**YOUR ASSIGNMENT**
Print each entry in full, word for word, with no pictures in the result.

**THE INPUT**

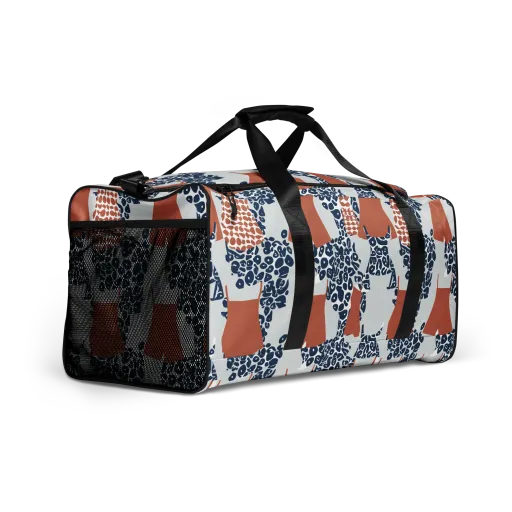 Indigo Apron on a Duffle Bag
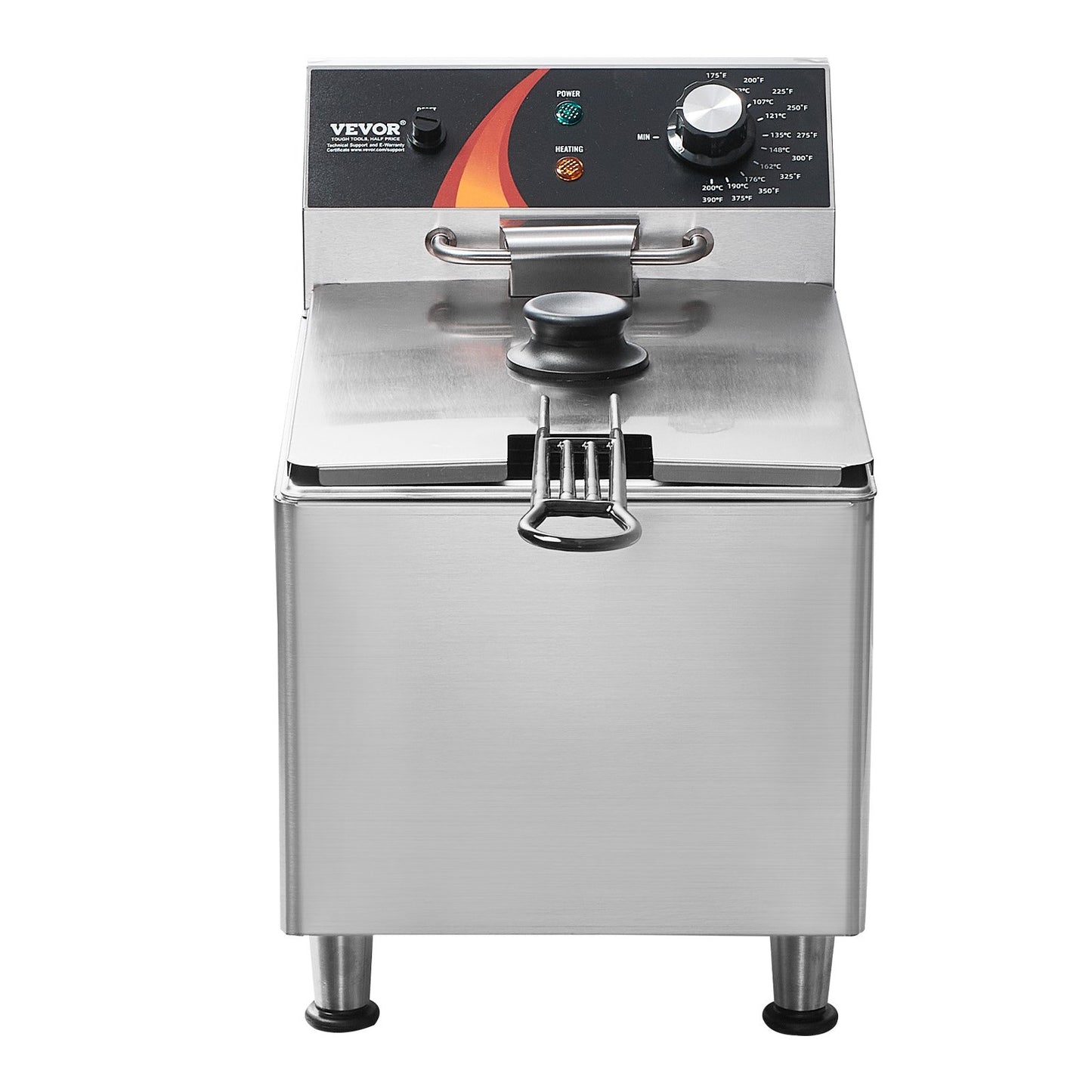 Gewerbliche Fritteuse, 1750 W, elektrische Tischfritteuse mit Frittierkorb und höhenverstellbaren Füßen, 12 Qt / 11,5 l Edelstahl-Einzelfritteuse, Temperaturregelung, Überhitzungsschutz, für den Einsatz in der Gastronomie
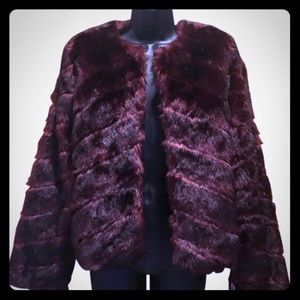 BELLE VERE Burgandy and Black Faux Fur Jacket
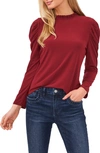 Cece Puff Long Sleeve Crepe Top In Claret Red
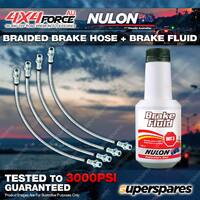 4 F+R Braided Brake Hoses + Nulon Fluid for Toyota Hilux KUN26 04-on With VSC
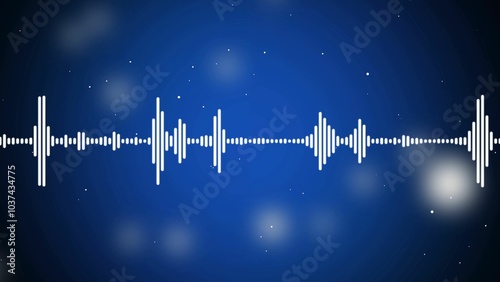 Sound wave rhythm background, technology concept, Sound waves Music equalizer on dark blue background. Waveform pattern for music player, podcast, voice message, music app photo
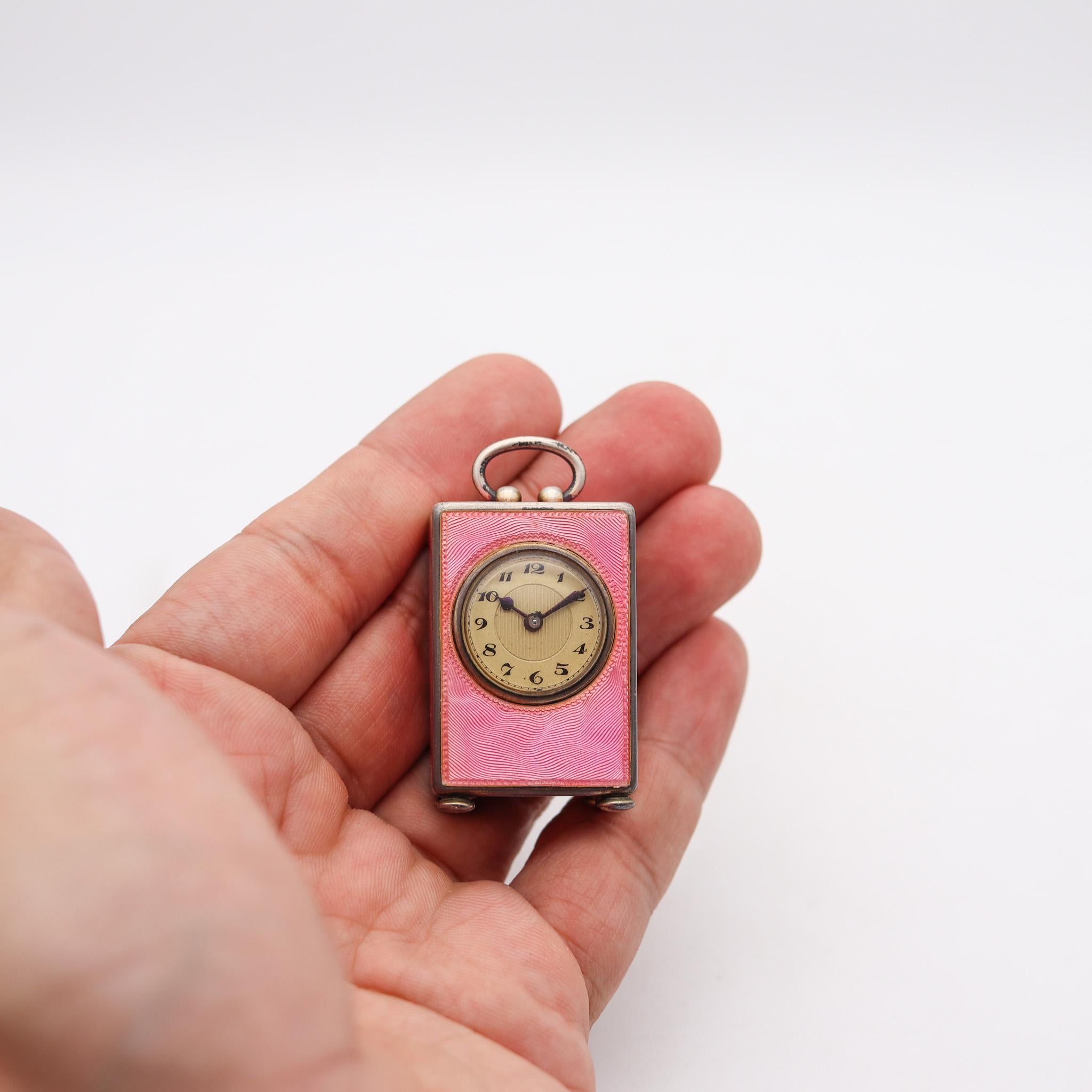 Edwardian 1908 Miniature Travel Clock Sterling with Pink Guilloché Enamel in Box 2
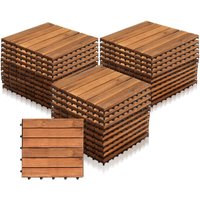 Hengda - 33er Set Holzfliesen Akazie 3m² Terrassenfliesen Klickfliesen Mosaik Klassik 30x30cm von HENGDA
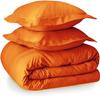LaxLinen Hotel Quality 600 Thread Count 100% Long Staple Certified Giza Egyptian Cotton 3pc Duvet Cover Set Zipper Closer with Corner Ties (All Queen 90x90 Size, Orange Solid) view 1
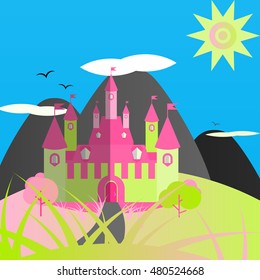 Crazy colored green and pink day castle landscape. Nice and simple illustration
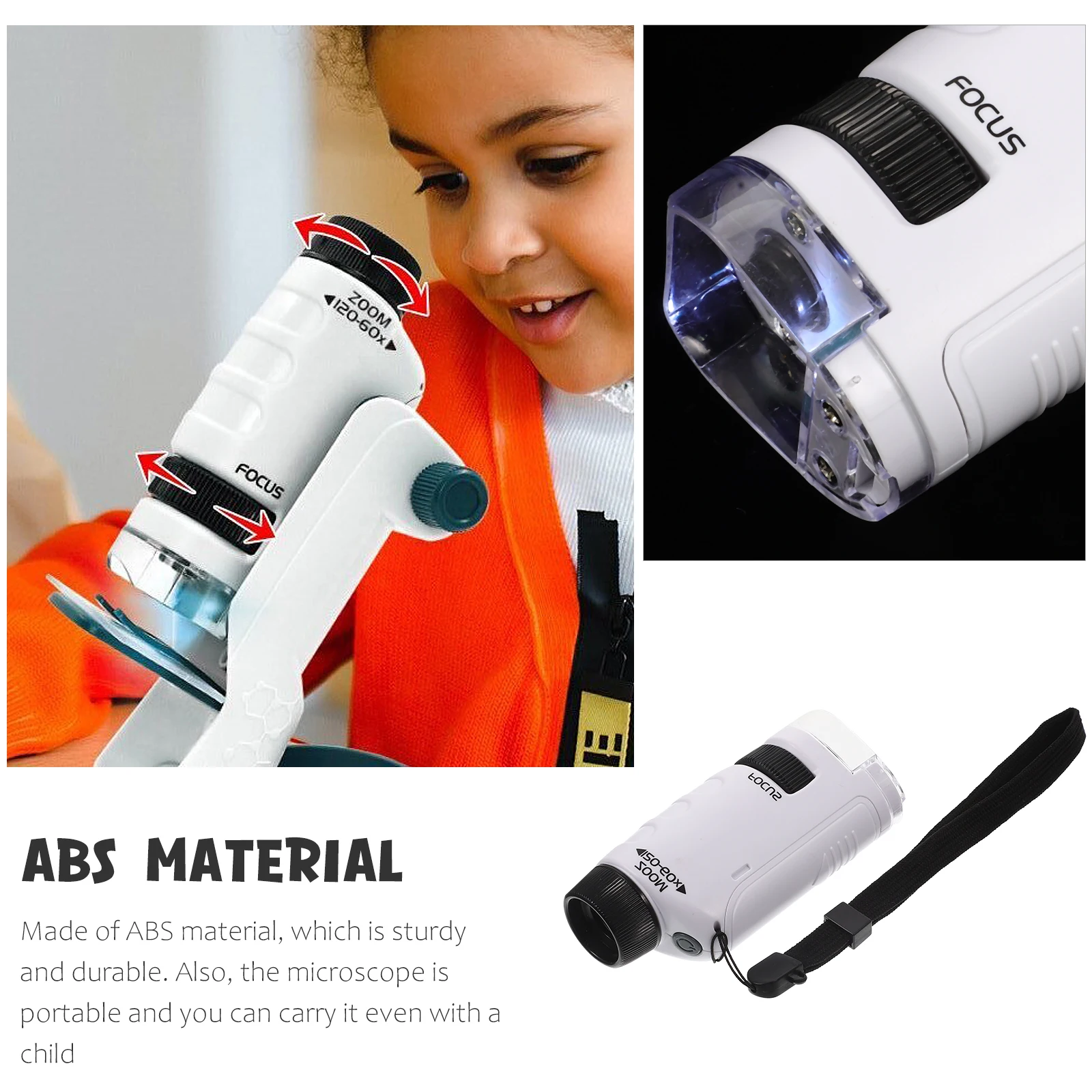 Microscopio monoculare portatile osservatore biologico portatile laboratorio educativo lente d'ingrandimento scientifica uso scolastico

**WRITTEN ANSWER**
 Indigo Apron on a Duffle Bag
 Gewerbliche Fritteuse, 1750 W, elektrische Tischfritteuse mit Frittierkorb und höhenverstellbaren Füßen, 12 Qt / 11,5 l Edelstahl-Einzelfritteuse, Temperaturregelung, Überhitzungsschutz, für den Einsatz in der Gastronomie
 BELLE VERE Burgandy and Black Faux Fur Jacket
 Cece Puff Long Sleeve Crepe Top In Claret Red
 4 F+R Braided Brake Hoses + Nulon Fluid for Toyota Hilux KUN26 04-on With VSC
 Sound wave rhythm background, technology concept, Sound waves Music equalizer on dark blue background. Waveform pattern for music player, podcast, voice message, music app photo
 Edwardian 1908 Miniature Travel Clock Sterling with Pink Guilloché Enamel in Box 2
 Hengda - 33er Set Holzfliesen Akazie 3m² Terrassenfliesen Klickfliesen Mosaik Klassik 30x30cm von HENGDA
LaxLinen Hotel Quality 600 Thread Count 100% Long Staple Certified Giza Egyptian Cotton 3pc Duvet Cover Set Zipper Closer with Corner Ties (All Queen 90x90 Size, Orange Solid) view 1
 Crazy colored green and pink day castle landscape. Nice and simple illustration
 Microscopio monoculare portatile osservatore biologico portatile laboratorio educativo lente d'ingrandimento scientifica uso scolastico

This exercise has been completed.